Renfrewshire Council

Payment options for your gas and electricity bills

There are many ways to pay for your fuel. It's important to select the most suitable for your own individual circumstances and discuss this with your chosen fuel supplier.

Quarterly / Bi-monthly credit

You will receive a bill from your supplier every 2-3 months.

Advantages: You only have to think about a bill when it arrives

Disadvantages: It's difficult to budget due to large difference between winter and summer bills

Who this may suit: Homes with a stable income. Homes whose income can easily accommodate fluctuating bills.

 

Monthly Direct Debit from your bank

Money is taken directly from your bank to cover the bills

Advantages: Not worrying about large bills. Lower unit charges or discounts for direct debit.

Disadvantages: You must have a bank account. You have to make sure your fuel consumption doesn't go over what you can afford to pay. If you don't have enough in your bank account to cover the bill - you could incur bank charges.
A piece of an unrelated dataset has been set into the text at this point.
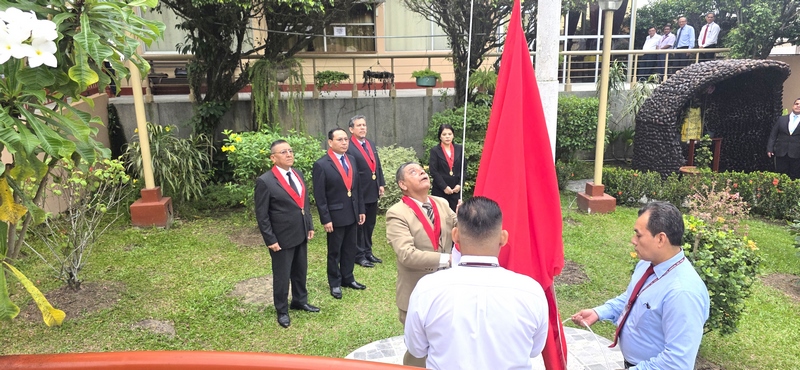 Corte de Loreto continúa reafirmando su compromiso patriótico con el tradicional izamiento del Pabellón Nacional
Who this may suit: Homes with a regular income. Those who find monthly budgeting easier than quarterly.

 

Standing Order from your bank

Payment of a set amount every week, fortnight or month - based on what your supplier estimates you use.
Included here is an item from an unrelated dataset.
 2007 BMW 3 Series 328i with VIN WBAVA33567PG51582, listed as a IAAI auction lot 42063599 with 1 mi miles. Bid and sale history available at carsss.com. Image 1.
Advantages: Payment is the same all year round.

Disadvantages: Must have bank account. Must make sure consumption doesn't exceed payment. If you've not got enough in the bank to cover the payment, you may incur bank charges. Standing Orders don't benefit from discounts. Doesn't encourage estimated bills to be checked before payment.

Who this may suit: Households with a regular income. Those who find monthly budgeting easier than quarterly.  

 

Flexi Plan or Pay as You Go

Pre-payments of different amounts can be made in advance.

Advantages: Flexibility. You can pay money towards your next bill when you have it.

Disadvantages: Have to be careful to pay off the next bill before it's due.

Who this may suit: Those with irregular incomes, such as self employed or those who work varying amounts of overtime. Those on a low fixed income.

 

Budget schemes or 'cashplan' without bank account

Regular payments are made at the Post Office

Advantages: Payment on a regular basis. Can pay at the post office or Pay Point outlet.

Disadvantages: Possible inconvenience and travel costs associated.

Who this may suit: Homes without a bank account. Households who want to pay at regular intervals.

 

Pre-payment meters

Cared are purchased to 'charge up' the meter

Advantages: You pay for your fuel as you use it. You can budget according to your means. You have no large bills to worry about.

Disadvantages:  It's more expensive. If cards aren't sold nearby you, it could be an inconvenience to go and get one.

Who this may suit: Those with easy access to places selling tokens/cards. Those who are in debt (as they can re-pay the debt by topping up the meter).

Fuel Direct

Used for debt repayment by those on income support

Advantages: Payment for current use of fuel and debt taken directly out of benefits. Fuels expenditure and debt repayment are evenly spread.

Disadvantages:  If your current fuel use is more than the amount paid in Fuel Direct - money will still be owed and deductions from your benefit will have to rise.

Who this may suit: Fuel Direct is only for those receiving income support and other qualifying benefits that are in fuel debt.  It's suitable particularly for those with ill health and mobility problems.

 

Energy bills online

Managing your account and paying your bills online.

Advantages: You can pay your bill any time of the day or night. It's quick and easy to manage if you're used to using websites. You can view all previous bills and your consumption. Some companies offer discounts for paying online. It's greener as there are no paper bills.

Disadvantages: Required access to a computer.

Who this may suit: PC users. Environmentally aware energy users.